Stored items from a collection
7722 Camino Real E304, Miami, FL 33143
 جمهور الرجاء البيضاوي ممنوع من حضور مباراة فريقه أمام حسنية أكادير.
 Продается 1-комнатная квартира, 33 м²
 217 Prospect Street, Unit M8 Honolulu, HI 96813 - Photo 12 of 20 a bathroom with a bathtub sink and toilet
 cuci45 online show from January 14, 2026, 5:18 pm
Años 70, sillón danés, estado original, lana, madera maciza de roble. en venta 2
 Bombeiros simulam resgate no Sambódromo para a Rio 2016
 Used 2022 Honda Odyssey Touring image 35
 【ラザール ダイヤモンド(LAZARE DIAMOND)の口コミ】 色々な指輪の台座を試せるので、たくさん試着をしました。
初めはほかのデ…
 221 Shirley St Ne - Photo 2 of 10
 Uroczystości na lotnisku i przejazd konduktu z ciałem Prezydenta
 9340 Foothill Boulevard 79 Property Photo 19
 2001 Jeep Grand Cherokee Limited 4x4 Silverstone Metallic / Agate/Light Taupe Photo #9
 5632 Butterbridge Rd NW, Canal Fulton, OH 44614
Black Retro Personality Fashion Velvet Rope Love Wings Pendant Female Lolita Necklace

*TASK STATEMENT*
Each line from the one containing "5632 Butterbridge Rd" through the last line of the entries above is to be returned exactly, and no others.

*SOLVED PROBLEM*
 5632 Butterbridge Rd NW, Canal Fulton, OH 44614
Black Retro Personality Fashion Velvet Rope Love Wings Pendant Female Lolita Necklace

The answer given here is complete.